Also solve ambiguities in speakers (sometimes several possible speakers possible).

In [1]:
import re
import bz2
import json
import os
import pandas as pd

import utils
import feature_extraction

In [2]:
DATA_DIR = "Data"
CACHE_DIR = "Cache"
SPEAKER_INFO_FILE_PATH = os.path.join(DATA_DIR, "speaker_attributes.parquet")
PREPROCESSED_DATASET_FILE_PATH = os.path.join(CACHE_DIR, "preprocessed_dataset.json.bz2")

In [3]:
qid_labels, linkcounts = utils.query_wikidata_for_linkcounts_and_labels(data_dir = DATA_DIR, speaker_info_file_path = SPEAKER_INFO_FILE_PATH)

In [4]:
def extract_speaker_features(line, speaker_data, min_age = 5, max_age = 95):
    features = {}
    
    # Try computing age of speaker and ignore lines for which speaker birth date is not available or
    # is born too soon to be our contemporary.
    speaker_birth_date = speaker_data.get(line['qids'], {}).get('date_of_birth', None)
    speaker_age = feature_extraction.get_speaker_age(speaker_birth_date, line['date'])
    
    if speaker_age is None or speaker_age < min_age or speaker_age > max_age:
        return
        
    # Extract gender of the speaker. Possible genders are summarized in 3 categories: "male", "female", "other".
    speaker_gender = speaker_data.get(line['qids'], {}).get('gender', None)
    
    if speaker_gender is None or len(speaker_gender) == 0:
        return
     
    features['speaker_gender'] = 'other'
    if len(speaker_gender) == 1:
        speaker_gender, = speaker_gender
        speaker_qid_label = qid_labels.get(speaker_gender, '').lower()        
        if speaker_qid_label in ['male', 'female']:
            features['speaker_gender'] = speaker_qid_label
    
    # Extract which of the most common occupation the speaker has.
    most_common_occupations = {'actor', 'american football player', 'association football player', 'baseball player',
                               'basketball player', 'businessperson', 'chief executive officer', 'composer',
                               'entrepreneur', 'film actor', 'film director', 'film producer', 'investor', 'journalist',
                               'lawyer', 'musician', 'non-fiction writer', 'politician', 'researcher', 'restaurateur',
                               'screenwriter', 'singer', 'television actor', 'television presenter', 'television producer',
                               'university teacher', 'writer'}
    
    speaker_occupations = speaker_data.get(line['qids'], {}).get('occupation', None)
    speaker_occupations = [] if speaker_occupations is None else speaker_occupations
    
    features['speaker_occupation'] = {occupation: False for occupation in most_common_occupations}
    for occupation in speaker_occupations:
        occupation = qid_labels.get(occupation, '').lower()
        if occupation in features['speaker_occupation']:
            features['speaker_occupation'][occupation] = True
            
    return features
    


def extract_features(line, speaker_data):    
    features = {}
    
    # Extract outcome variable.
    features['num_occurrences'] = line['numOccurrences']
    
    # Extract speaker information.
    speaker_features = extract_speaker_features(line, speaker_data)
    if speaker_features is None:
        return
    
    features.update(speaker_features)
    
    # Extract topics of quote.
    

    # Extract domains from news urls.
    # features['domains'] = feature_extraction.domains_from_urls(line['urls'])
    
    return features
    
    


def preprocess_dataset(data_dir, output_file_path, speaker_info_file_path,
                       can_reuse_output = True):
    if os.path.isfile(output_file_path) and can_reuse_output:
        return
    
    # Load part of data extracted from Wikidata dump about speakers.
    speaker_data = pd.read_parquet(speaker_info_file_path, columns = ['id', 'date_of_birth', 'gender', 'occupation']).set_index('id').to_dict('index')

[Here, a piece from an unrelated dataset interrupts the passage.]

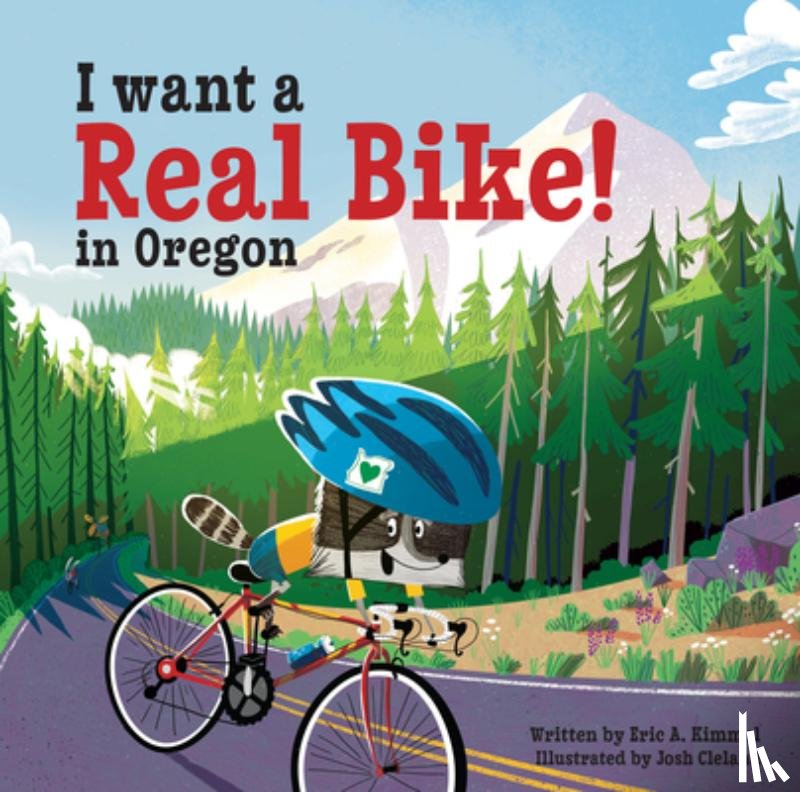 Kimmel, Eric A. - I Want a Real Bike in Oregon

    with bz2.open(output_file_path, "wb") as output_file:
        
        for line in utils.json_lines_generator(data_dir):
            # Convert list of speaker qids into a single value.
            # If several qids possible, choose the one with largest link count.
            line['qids'] = feature_extraction.solve_ambiguous_speakers(line['qids'], linkcounts)
                 
            # Ignore lines for which speaker information is not available.
            if line['qids'] is None:
                continue
                
            # Extract features from line.
            features = extract_features(line, speaker_data)
            
            # Ignore lines for which feature extraction failed due to unavailability of information or
            # due to filtering of extreme values.
            if features is None:
                continue
            
            # Store features of line.
            output_file.write((json.dumps(features) + '\n').encode('utf-8'))

In [5]:
preprocess_dataset(DATA_DIR,
                   PREPROCESSED_DATASET_FILE_PATH,
                   SPEAKER_INFO_FILE_PATH,
                   can_reuse_output = False)

Starting processing Data\quotes-2015.json.bz2
Processed 1000000 lines from Data\quotes-2015.json.bz2 in 1.679 minutes
Processed 2000000 lines from Data\quotes-2015.json.bz2 in 3.397 minutes
Processed 3000000 lines from Data\quotes-2015.json.bz2 in 5.106 minutes


KeyboardInterrupt: